0

I am trying to break a numpy array into chunks with a fixed size and pad the last one with 0. For example: [1,2,3,4,5,6,7] into chunks of 3 returns [[1,2,3],[4,5,6],[7,0,0]].

The function I wrote is:

def makechunk(lst, chunk):
    result = []
    for i in np.arange(0, len(lst), chunk):
        temp = lst[i:i + chunk]
        if len(temp) < chunk:
            temp = np.pad(temp, (0, chunk - len(temp)), 'constant')
        result.append(temp)
    return result

It works but when dealing with large size array it is very slow. What is a more numpy-ish and vectorized way of doing it?

Szymon Maszke
  • 22,747
  • 4
  • 43
  • 83
J_yang
  • 2,672
  • 8
  • 32
  • 61

4 Answers4

3

Using the function resize() should do what you need :

l = np.array([1,2,3,4,5,6,7])
l.resize((3,3), refcheck=False)

(Edit: mea culpa, monday problem with reasignation)

@J: Resize boost the speed by about 5 times for np.arange(0,44100) into chunks of 512.

import math
def makechunk4(lst, chunk):
    l = lst.copy()
    l.resize((math.ceil(l.shape[0]/chunk),chunk), refcheck=False)
    return l
  • 3
    Don't assign it back. Unlike `numpy.resize`, `numpy.ndarray.size` returns `None`, as it is an in-place operation. – Chris Apr 01 '19 at 09:43
  • This returns None though – J_yang Apr 01 '19 at 09:43
  • @J_yang would be curious to know if the resize function if efficient with large size array? – Cedric Poulet Apr 01 '19 at 09:49
  • 1
    @CedricPoulet well, a little late to the party (and not the fastest code typer from what I see) but you can find time measurements of your approach below. – Szymon Maszke Apr 01 '19 at 09:58
  • 1
    @CedricPoulet I modified and tested your code: import math def makechunk4(lst, chunk): l = lst.copy() l.resize((math.ceil(l.shape[0]/chunk),chunk), refcheck=False) l.reshape(l.shape[0] * l.shape[1]) return l It is now about 5 times faster with an array of 44100 into chunk of 512 blocks.

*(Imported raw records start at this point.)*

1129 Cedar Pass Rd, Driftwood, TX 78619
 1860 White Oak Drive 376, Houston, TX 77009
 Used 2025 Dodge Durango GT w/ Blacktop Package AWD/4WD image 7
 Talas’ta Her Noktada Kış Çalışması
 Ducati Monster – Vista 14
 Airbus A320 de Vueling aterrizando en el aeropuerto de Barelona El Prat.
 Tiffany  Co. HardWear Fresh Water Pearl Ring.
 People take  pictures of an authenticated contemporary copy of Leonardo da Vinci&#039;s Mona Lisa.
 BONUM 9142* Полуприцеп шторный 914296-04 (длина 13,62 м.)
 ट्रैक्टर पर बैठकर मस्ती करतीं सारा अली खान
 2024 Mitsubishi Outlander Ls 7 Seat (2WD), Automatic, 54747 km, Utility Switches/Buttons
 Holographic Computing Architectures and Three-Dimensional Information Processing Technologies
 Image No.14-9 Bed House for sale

Many thanks. You can modify your answer to the code above and I will select as the best answer. :) – J_yang Apr 01 '19 at 10:16
  • @CedricPoulet and @J_yang does it return the correct answer? It returns one dimensional array while you wanted to split it. Shouldn't `l = l.reshape(l.shape[0] * l.shape[1])` be `l = l.reshape(chunk, -1)`? It would return `chunk x padded_elements` matrix this way. – Szymon Maszke Apr 01 '19 at 10:36
  • 1
    To be honest, it's not really clear what does J_yang want as an output. The reshape that he added flattern the matrix, I guess that's the output he was looking for (with the reshape, it could have just been an addition of zero at the end, so I think it's not really what he want..). But the problem was more about the way to split the data that the output. I let him judge what he need exactly. – Cedric Poulet Apr 01 '19 at 12:21
3

Time comparison of @Cedric Poulet's (all kudos to him, see his answer) solution (with added array splitting so it returns the result as desired) with another numpy approach I thought about at first (create array of zeros and insert data in-place):

import time

import numpy as np

def time_measure(func):
    def wrapper(*args, **kwargs):
        start = time.time()
        result = func(*args, **kwargs)
        stop = time.time()
        print(f"Elapsed time: {stop-start}")
        return result

    return wrapper


@time_measure
def pad_and_chunk(array, chunk_size: int):
    padded_array = np.zeros(len(array) + (chunk_size - len(array) % chunk_size))
    padded_array[: len(array)] = array
    return np.split(padded_array, len(padded_array) / chunk_size)


@time_measure
def resize(array, chunk_size: int):
    array.resize(len(array) + (chunk_size - len(array) % chunk_size), refcheck=False)
    return np.split(array, len(array) / chunk_size)

@time_measure
def makechunk4(l, chunk):
    l.resize((math.ceil(l.shape[0] / chunk), chunk), refcheck=False)
    return l.reshape(chunk, -1)


if __name__ == "__main__":
    array = np.random.rand(1_000_000)

    ret = pad_and_chunk(array, 3)
    ret = resize(array, 3)
    ret = makechunk4(array, 3)

EDIT-EDIT

Gathering all possible answers it is indeed the case that np.split is horribly slow when compared to reshape.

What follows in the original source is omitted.